Look up “lovable rogue” in the encyclopedia and you won’t find a picture of former boxer Stanley Dance. Partly because Stan is the sort of rogue who is smart enough not to get his picture taken and partly because he’s not exactly lovable. In fact, a lifetime of petty crime and broken promises have pretty much driven everyone who mattered – friends and family – out of Stan’s life.
In fact, Stan was just about to keep his first promise – a promise to himself that he’d blow his brains out once his luck had finally run out. Luckily, a timely phone call delayed Stan’s suicide and facilitated his return to Las Vegas.
Stan’s past misdeeds pretty much ran him out of Sin City. Still, while Stan isn’t much for keeping promises, he does pay his debts. Particularly when those debts are owed to a theater owner named Betsy, for whom Stan’s always carried a flame.

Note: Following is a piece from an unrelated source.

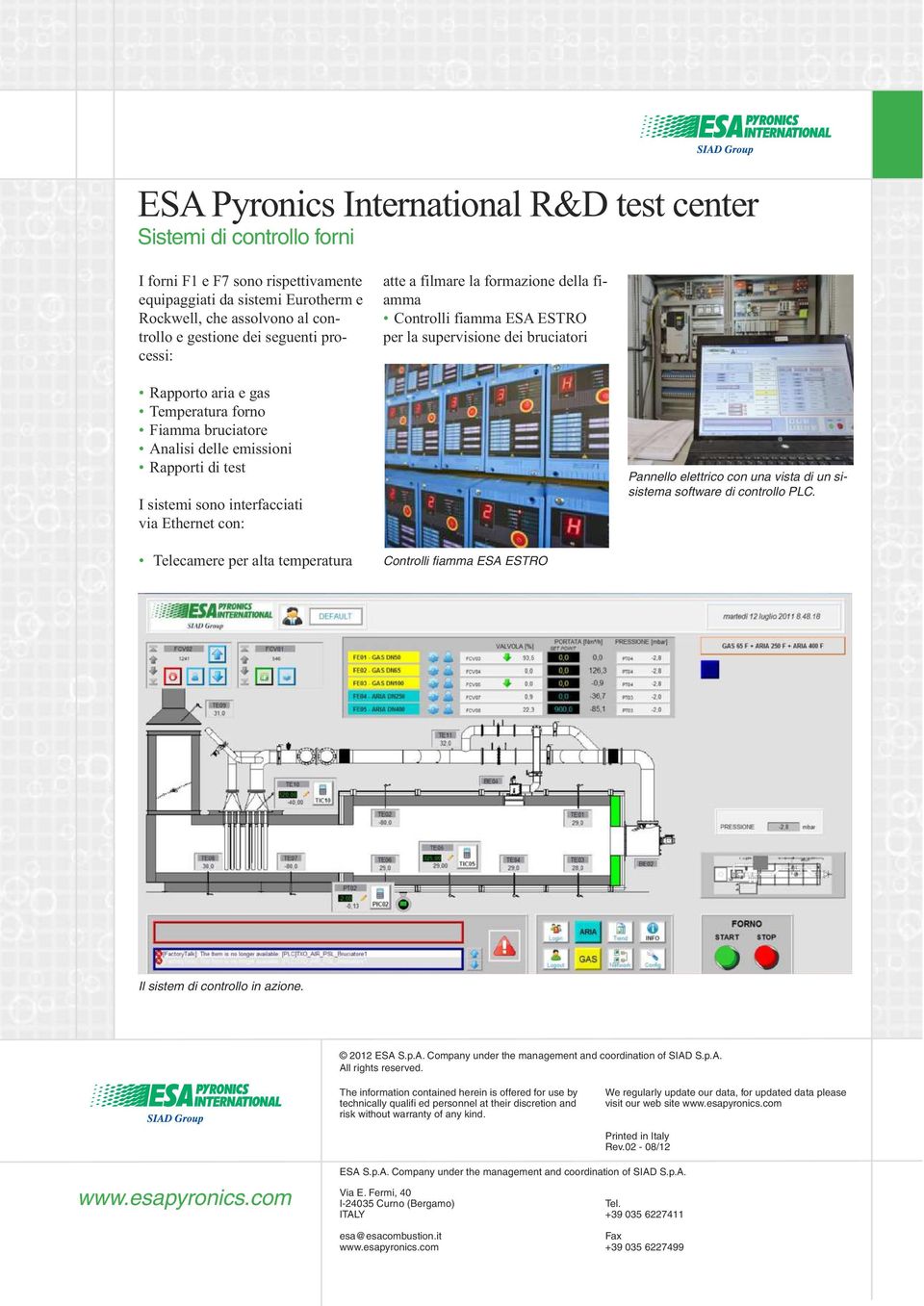 interfacciati via Ethernet con: Pannello elettrico con una vista di un sisistema software di controllo PLC. Telecamere per alta temperatura Controlli fiamma ESA ESTRO Il sistem di controllo in azione.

Betsy’s burlesque performer daughter is being head-hunted by a casino owner with whom Stan has some history. Bad history. Naturally Stan has a plan to get him out of Betsy’s way but it will require him getting back into the ring for one last match…
With gritty artwork and a smart script, Slots puts a new spin on the classic story of the fixer going for one more score. I’m not certain that Dan Panosian (Conan/Red Sonja) intentionally designed Stanley Dance to look a little like Bruce Willis, but the characterization put me in mind of him – a seedier David Addison ala Randy Robinson from The Wrestler. Whatever the inspiration, fans of Panosian’s previous work and heist epics won’t be gambling much if they play these Slots.